BEGIN Record excerpts

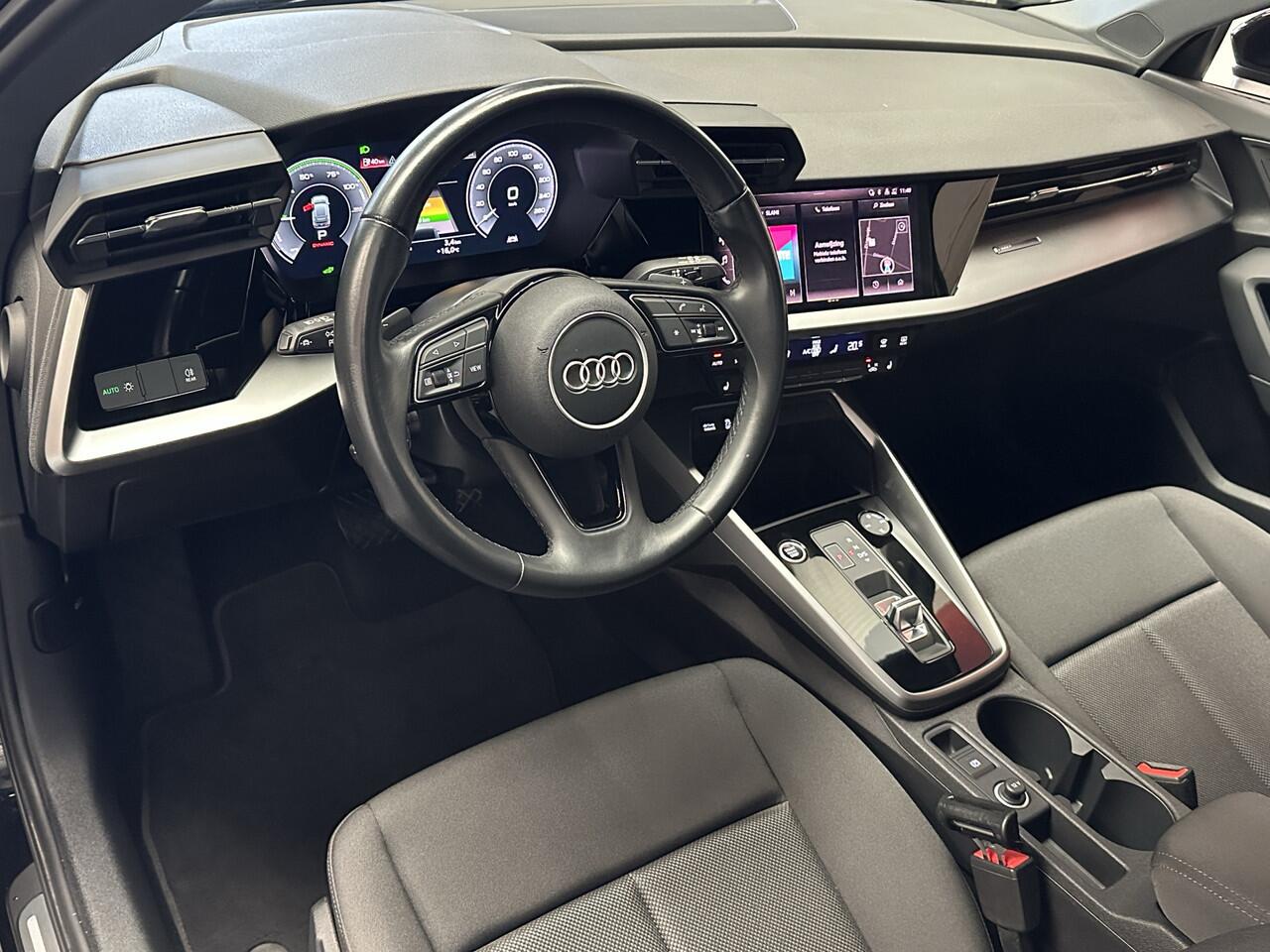 Audi A3 SPORTBACK 40 TFSI e EDITION PHEV AUTOMAAT NAVIGATIE CRUISE CONTROL CLIMATE CONTROL BLUETOOTH TELEFOON APPLE CARPLAY/ANDROID RIJSTROOKSENSOREN KEYLESS GO PDC ZEER MOOI !! 3010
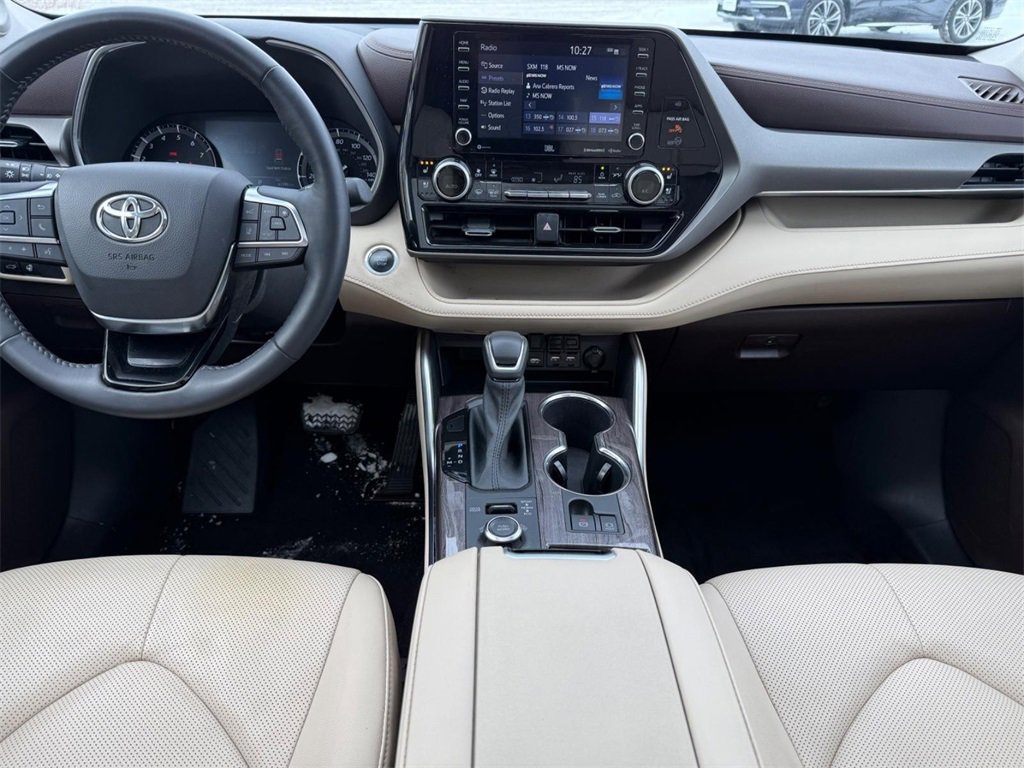 Used 2021 Toyota Highlander Limited image 11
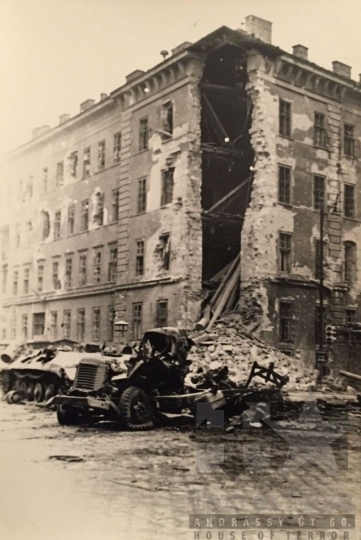 THM-KJ-2017.2.18 - The 1956 Revolution and Freedom Fight in Üllői Street and in the area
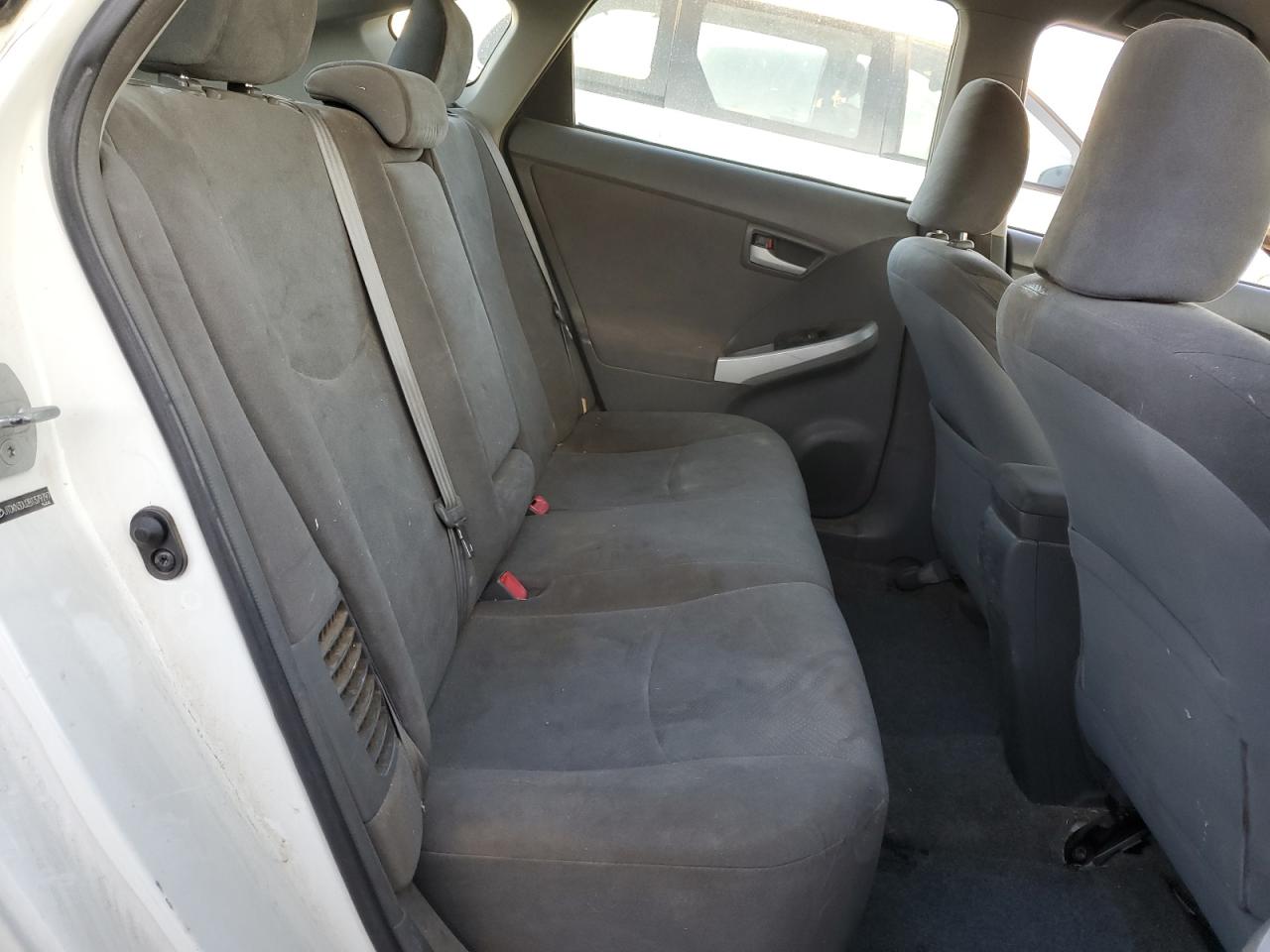 2011 Toyota Prius - Image 10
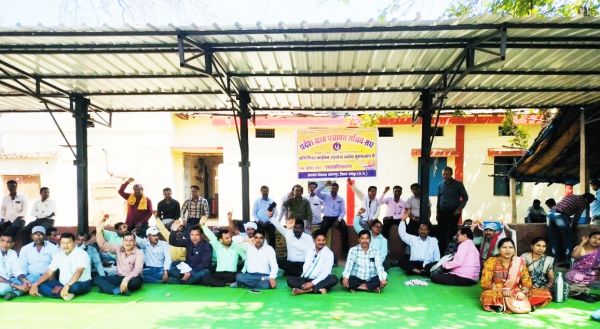 शासकीयकरण की मांग, बेमुद्दत धरने पर पंचायत सचिव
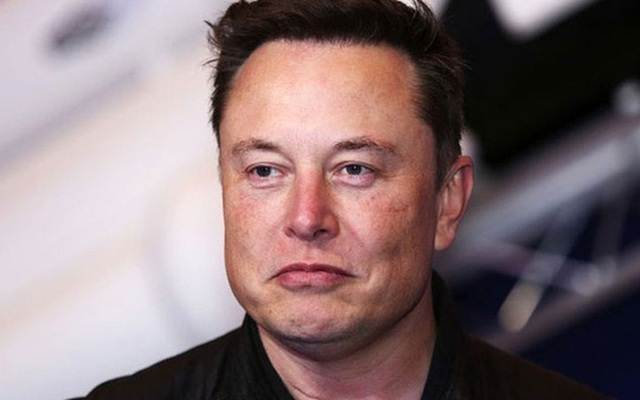 Elon Musk tính chuyển tiền mặt của Tesla thành Bitcoin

END Record excerpts

* _Problem requirements_
Print the entries above word for word, without pictures.

* _Result of the task_
 Audi A3 SPORTBACK 40 TFSI e EDITION PHEV AUTOMAAT NAVIGATIE CRUISE CONTROL CLIMATE CONTROL BLUETOOTH TELEFOON APPLE CARPLAY/ANDROID RIJSTROOKSENSOREN KEYLESS GO PDC ZEER MOOI !! 3010
 Used 2021 Toyota Highlander Limited image 11
 THM-KJ-2017.2.18 - The 1956 Revolution and Freedom Fight in Üllői Street and in the area
 2011 Toyota Prius - Image 10
 शासकीयकरण की मांग, बेमुद्दत धरने पर पंचायत सचिव
 Elon Musk tính chuyển tiền mặt của Tesla thành Bitcoin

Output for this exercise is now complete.